A family whose daughter died after being denied the main disability benefit have been awarded £10,000 in damages.
Victoria Smith, 33, of Market Drayton, passed away last July just weeks after being told she was not eligible for Personal Independence Payments (PIP).
Her family sued Capita for making inaccurate statements on Ms Smith's health assessment.
Capita told the BBC it stood by the original decision.
Ms Smith's mother, Sue Kemlo, told the BBC: "If they hadn't cut her PIP, my daughter would still be here."
Ms Smith suffered from agoraphobia and fibromyalgia, which left her body in constant pain.
The Department for Work and Pensions (DWP) wrote to her in early 2018 to tell her she needed to be re-assessed for the benefit, which is intended to help with the additional costs of having a disability.
As part of the process, in March she was assessed at home by a healthcare professional employed by Capita.
The assessment led the DWP to decide Ms Smith was no longer eligible for PIP, a conclusion her mother said "was a pack of lies".
Ms Smith immediately appealed, but was again turned down by the DWP. She received the decision in June, shortly after she was admitted to hospital.
The decision "destroyed" her, said Mrs Kemlo.
"When they took away her ability to look after herself, to have a way of life, she gave up."
'Admit they were wrong'
On 8 July, Ms Smith died of a brain haemorrhage, but doctors told the family her underlying conditions, particularly the fibromyalgia, had deteriorated as well.

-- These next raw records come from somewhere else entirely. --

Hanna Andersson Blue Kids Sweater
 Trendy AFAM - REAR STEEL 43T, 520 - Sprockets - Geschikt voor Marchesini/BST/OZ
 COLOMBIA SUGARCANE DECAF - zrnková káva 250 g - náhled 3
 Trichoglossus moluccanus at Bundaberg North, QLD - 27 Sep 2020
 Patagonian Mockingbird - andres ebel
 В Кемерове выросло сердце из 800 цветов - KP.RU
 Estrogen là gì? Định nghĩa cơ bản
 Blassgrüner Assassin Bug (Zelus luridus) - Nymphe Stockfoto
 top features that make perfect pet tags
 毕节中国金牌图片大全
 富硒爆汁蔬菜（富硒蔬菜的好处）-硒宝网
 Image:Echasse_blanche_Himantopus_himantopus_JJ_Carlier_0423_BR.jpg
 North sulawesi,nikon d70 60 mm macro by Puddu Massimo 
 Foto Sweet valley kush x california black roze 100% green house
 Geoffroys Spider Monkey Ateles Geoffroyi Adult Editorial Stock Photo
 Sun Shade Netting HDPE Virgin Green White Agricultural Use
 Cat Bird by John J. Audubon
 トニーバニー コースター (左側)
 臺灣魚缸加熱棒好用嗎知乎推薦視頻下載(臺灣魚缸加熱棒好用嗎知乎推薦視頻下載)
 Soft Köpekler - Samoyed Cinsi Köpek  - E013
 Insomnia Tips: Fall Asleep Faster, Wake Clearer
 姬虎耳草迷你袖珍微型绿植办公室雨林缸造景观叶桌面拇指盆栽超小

The week after she died, a tribunal decided she was eligible for PIP.
Furious with the conclusions the Capita employee had reached, Mrs Kemlo took legal action against the company for maladministration; in essence making inaccurate statements.
The family has now been awarded £10,000 in damages.
"I didn't do it for the money," said Mrs Kemlo. "I did it for them to admit they were wrong, to get some justice for my daughter, because (it's) only ever been about justice for Victoria."
In a statement, Capita told the BBC: "We offer our deepest condolences to the family in this very tragic case.
"We have reviewed this at a senior clinical level and we are confident that our report was correct based on the information presented to us at the time of the assessment.
"Our full response to the claim was not considered by the Court as a result of a procedural issue, and as a consequence judgment in default has been entered into against us.
"We have asked the Court to investigate the procedural issue and we are expecting a response from the Court shortly."